# Thick film paste



## charrid (Aug 24, 2016)

Does anybody have a suggestion for reclaiming gold from raw unused thick film paste? The composition besides gold powder contains glass frit and high viscosity organic solvents. Normally the paste is screen printed on alumina ceramic and fired in a belt furnace at under 1000C. The glass bonds the gold to the alumina surface. I am a beginner with basic chemistry and metallurgy knowledge. Thanks.


----------



## 4metals (Aug 24, 2016)

The paste usually has an oil based solvent which is flammable (at one time it was pine oil). I used to get in jars of the paste for refining and all I did was open up the lids and light the paste and let it burn off. you could also put the open paste bottles in an oven to do the same thing. 

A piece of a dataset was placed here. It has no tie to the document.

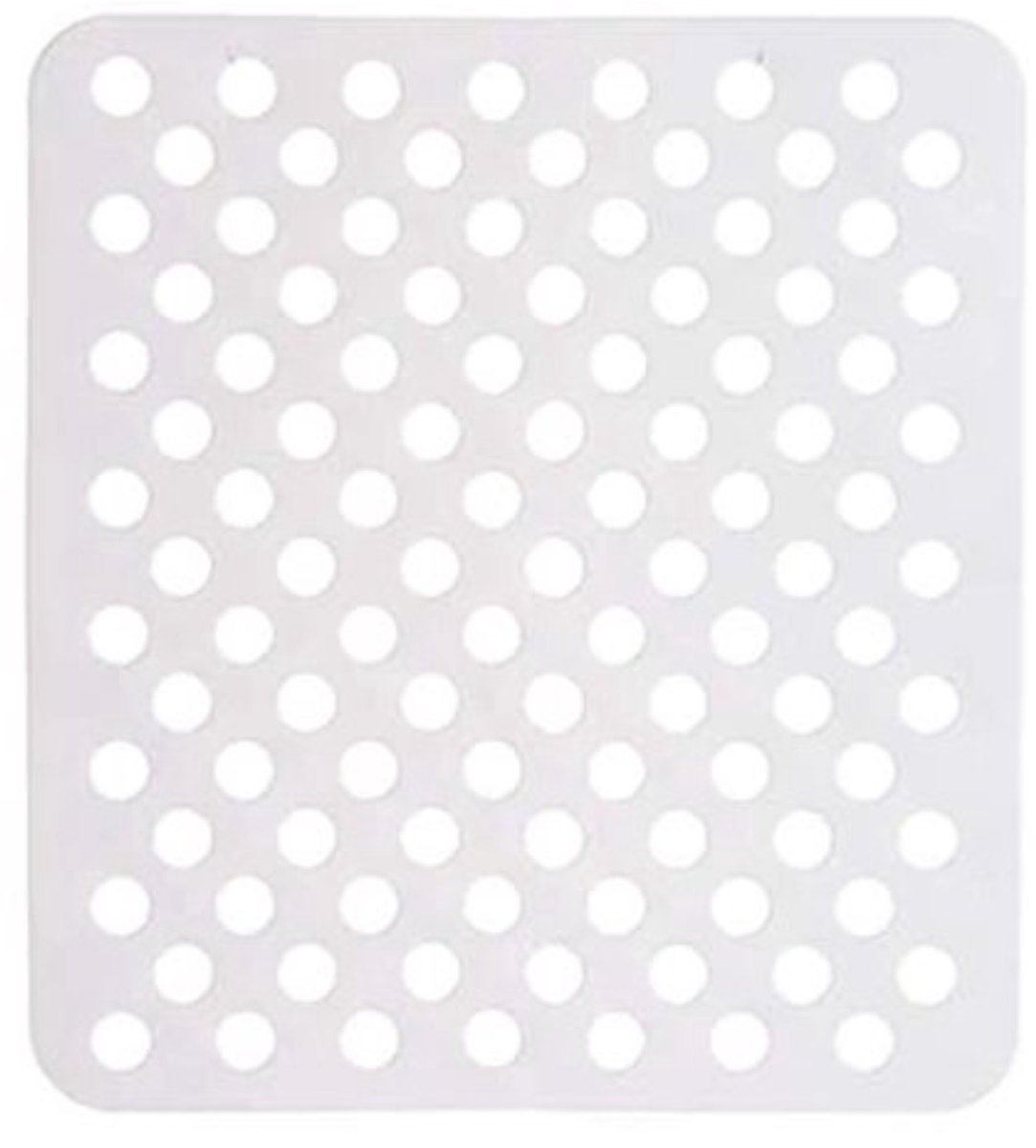 Hauskraft - Gootsteenmat - Rechthoekig - Spoelbakmat - Spoelbakmat - Spoelbak Beschermer - 31x26 cm - Wit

The main thing you are trying to do is burn off the organic, after that, it is routine aqua regia refining to recover the gold. Since the burning will not approach the melting point of the gold the resulting chunks are easily broken up with a mortar and pestle and they dissolve quickly. 

When I refined the paste, I also processed a lot of scrap called Kin Wipes. They were a lint free paper towel which was used to clean up the printing apparatus that they printed the thick film circuits with. Since what they were cleaning off was gold paste, they yielded heavily. All I had to do was burn the paper off in a metal can and process the ash in aqua regia. 

Thick film paste material is high yielding waste from the thick film hybrid manufacturing industry.


----------



## nickvc (Aug 25, 2016)

I remember we had a lot of those type of bottles come in to refine, they were termed gold paints I think from the pottery industry and we did exactly as 4metals suggested to you burn off the oil and refine the residues with AR, and yes they were high yielding


----------